*** EXERCISE MATERIALS ***

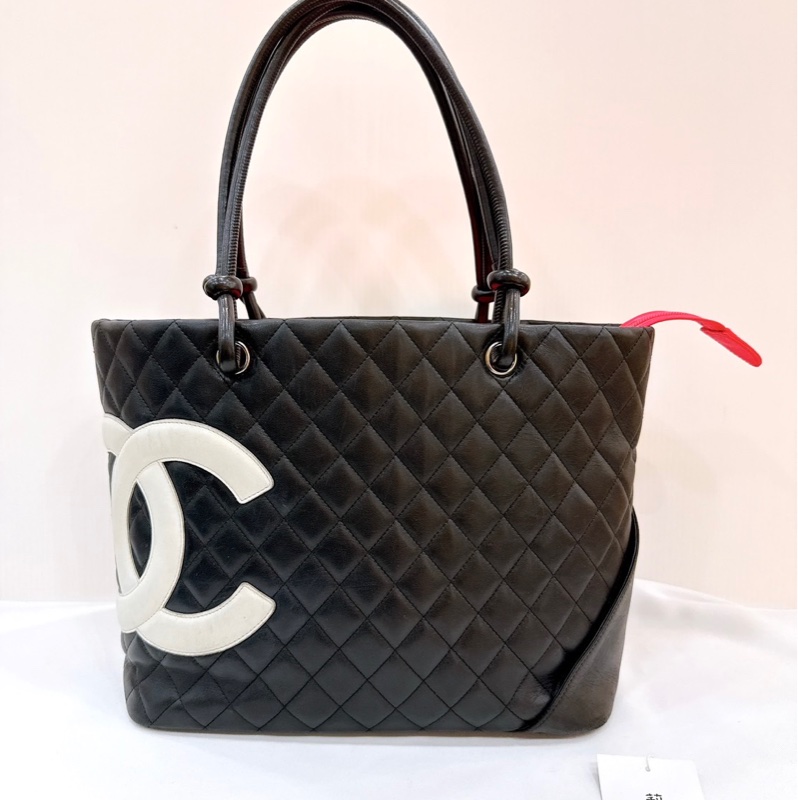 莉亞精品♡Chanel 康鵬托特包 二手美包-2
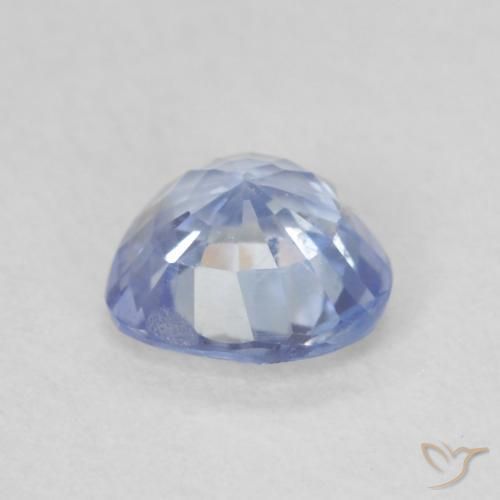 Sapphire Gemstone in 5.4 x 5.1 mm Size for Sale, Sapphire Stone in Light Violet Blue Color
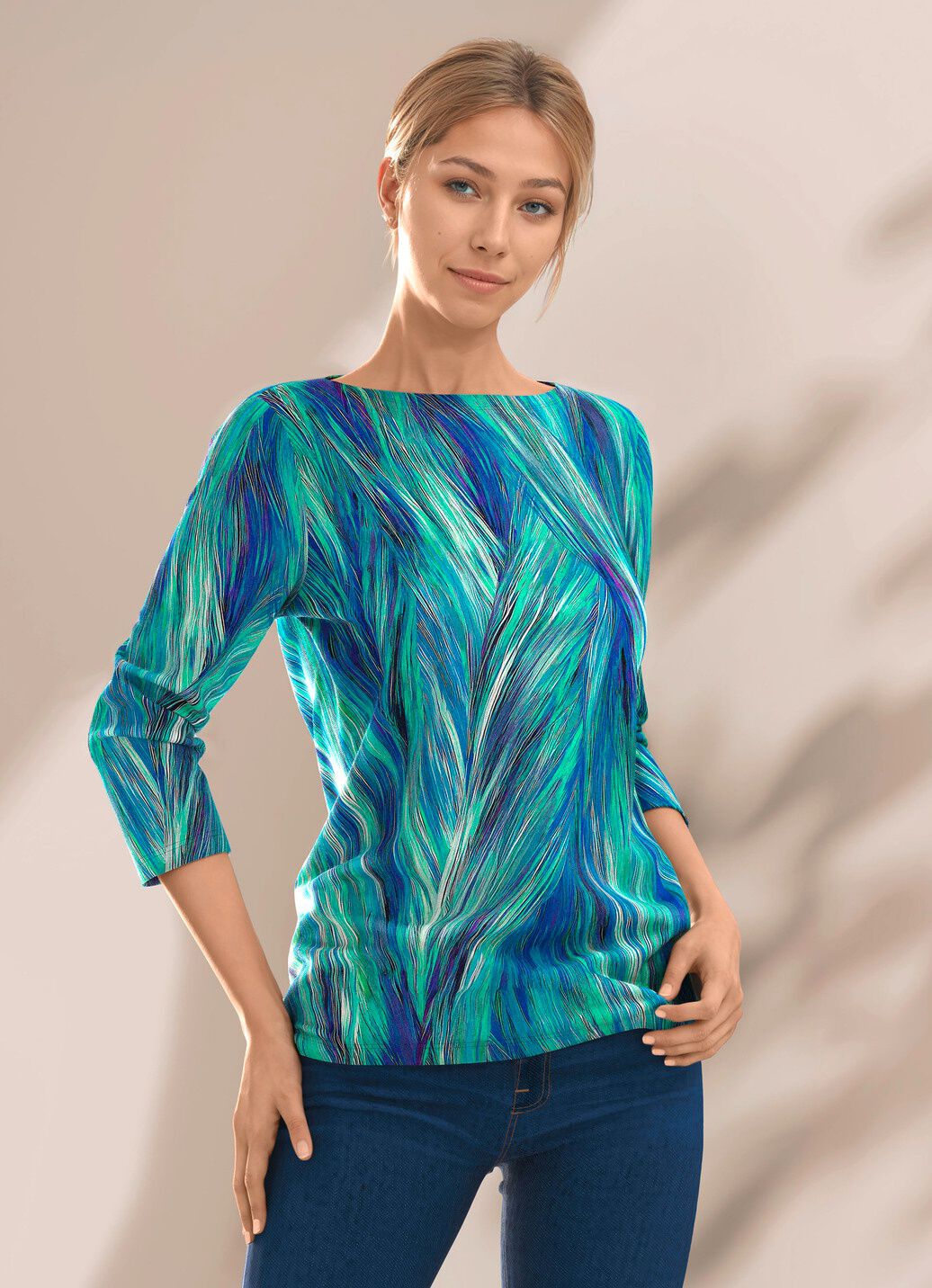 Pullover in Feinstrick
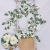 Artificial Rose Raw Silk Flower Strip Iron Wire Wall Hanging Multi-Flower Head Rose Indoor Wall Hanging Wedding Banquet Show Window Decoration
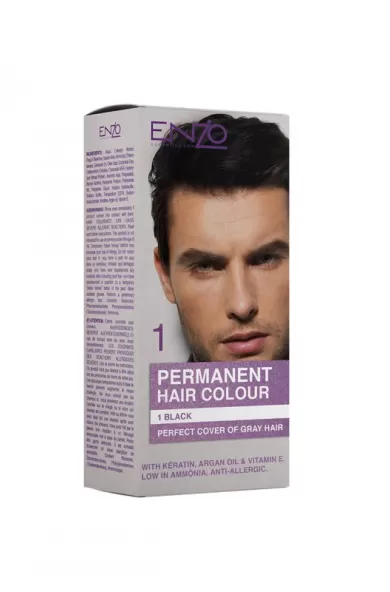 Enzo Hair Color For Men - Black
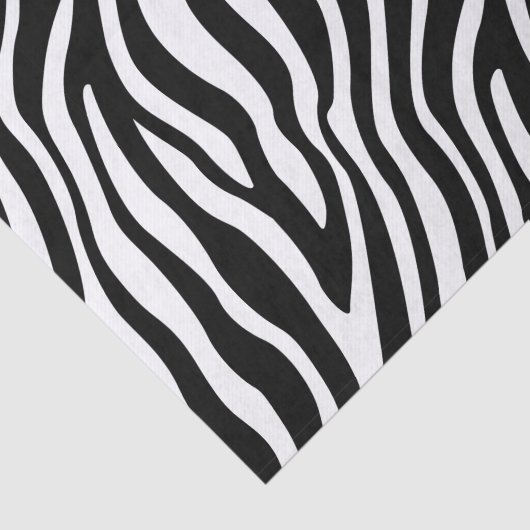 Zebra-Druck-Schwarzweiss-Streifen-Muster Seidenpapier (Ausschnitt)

*** End of EXERCISE MATERIALS ***

- WHAT IS EXPECTED
Beginning with the line that contains "Sapphire Gemstone in", output every line down to the last line of the entries above exactly as written, apart from the pictures.

- RESPONSE TO THE EXERCISE
 Sapphire Gemstone in 5.4 x 5.1 mm Size for Sale, Sapphire Stone in Light Violet Blue Color
 Pullover in Feinstrick
 Artificial Rose Raw Silk Flower Strip Iron Wire Wall Hanging Multi-Flower Head Rose Indoor Wall Hanging Wedding Banquet Show Window Decoration
 Enzo Hair Color For Men - Black
 Zebra-Druck-Schwarzweiss-Streifen-Muster Seidenpapier (Ausschnitt)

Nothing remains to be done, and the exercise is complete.